Coulda, shoulda, woulda . . .
Patricia also argued that the trial court did not lack jurisdiction to determine that her marriage to Henry was void, and the panel agreed with that too. As they had previously pointed out, the invalidity of a void marriage, such as Patricia’s to Henry, “may be shown collaterally in any proceeding in which the fact of marriage may be material.” Since the invalidity of that marriage was clearly material in this case, the trial court could have made a determination of the issue. Summing up, the justices concluded that Patricia’s marriage to Henry was invalid. However, that did not end the discussion. The next step was to determine whether Patricia could use that invalidity as a defense to Jeffrey’s request for an annulment of their marriage. That was necessary, the justices said, because that determination involves the legal fiction that a void marriage never existed, which may be used to promote substantial justice between the parties, but not where the rights of third parties or children are involved.

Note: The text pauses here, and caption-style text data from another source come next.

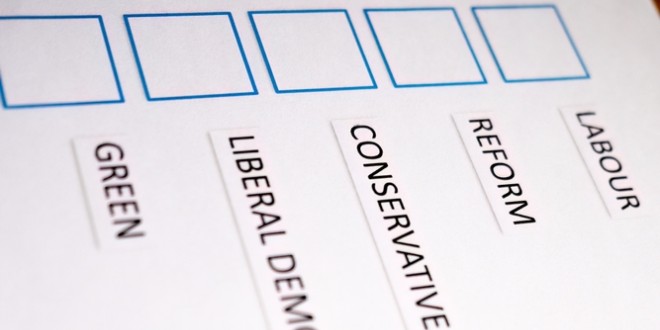 ballot paper, as political parties voice gambling opinions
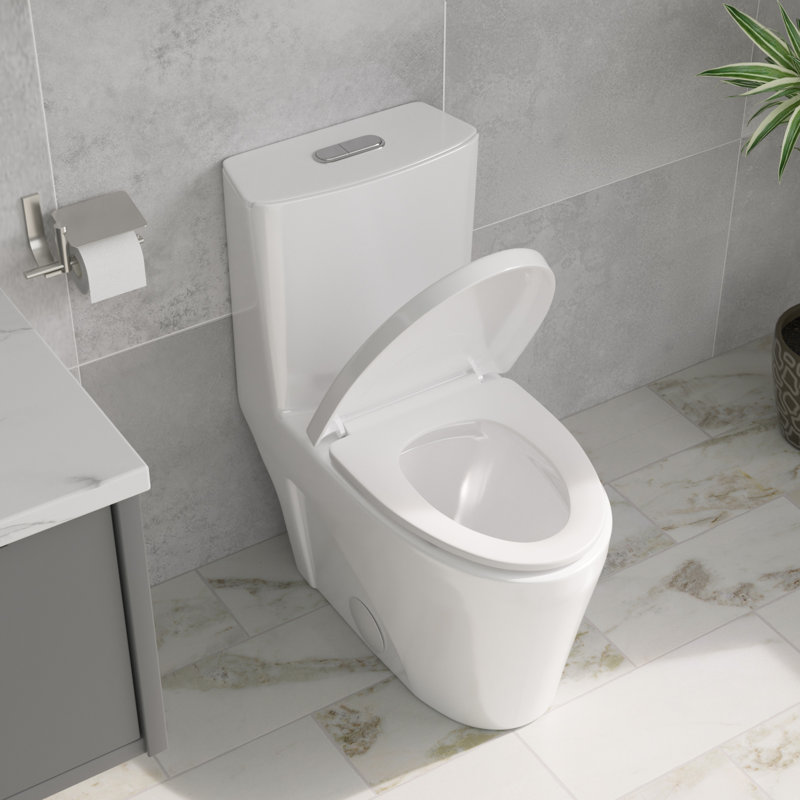 Dual-Flush One-Piece Toilet CEC & DOE Certified Powerful Flush One-Piece White Toilet (Slow Close Seat Included)
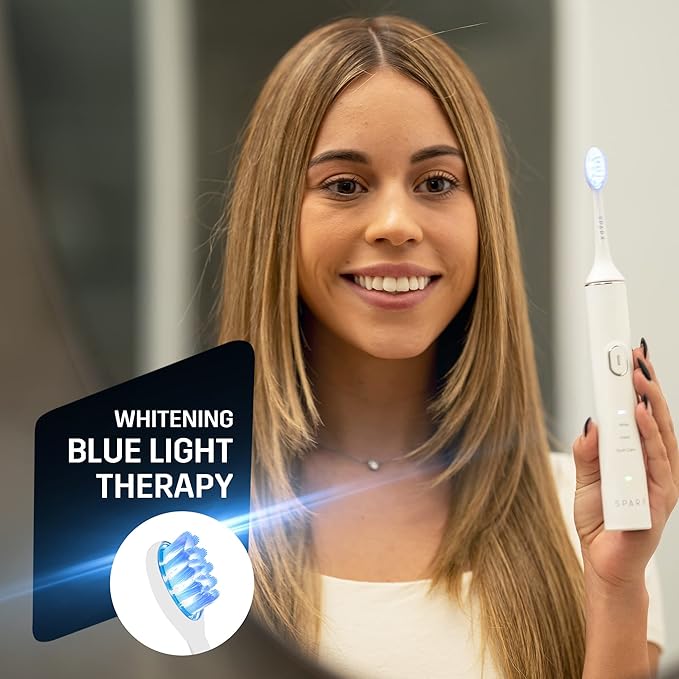 SPARX - Toothbrush Replacement Heads Brush Heads with Blue Light Therapy for Gum Care Replacement Brush Heads White 2 Pack…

The panel recognized that, according to the trial court, Patricia should not be allowed to benefit from her misrepresentations of fact and her dubious credibility. However, they believed that the legal fiction could apply here because it was in line with what Patricia had consistently told Jeffrey about her marriage to Henry and with his belief for more than seventeen years of marriage. Accordingly, the panel held that Patricia’s marriage to Jeffrey was valid because her marriage to Henry was void from its inception and she was not legally married to Henry when she married Jeffrey. Given that, the panel found it unnecessary to address Patricia’s other contentions, and they reversed the trial court’s judgment of nullity.

 

 

 

Comment

  

People make fun of soap operas, but this case would fit right in as a plot line on any one of them. The facts are extreme, but probably only a step or two beyond what any family law attorney with a busy practice will encounter. We’ve always suspected that most family law attorneys secretly enjoy these cases, as long as they don’t turn violent or harm the kids. If you doubt it, just think back to the “war stories” that flew back and forth at the last bar meeting, seminar, luncheon, or other gathering of family law attorneys you attended. Meanwhile, Seaton answers a seldom-asked question regarding bigamous marriages in California and Nevada.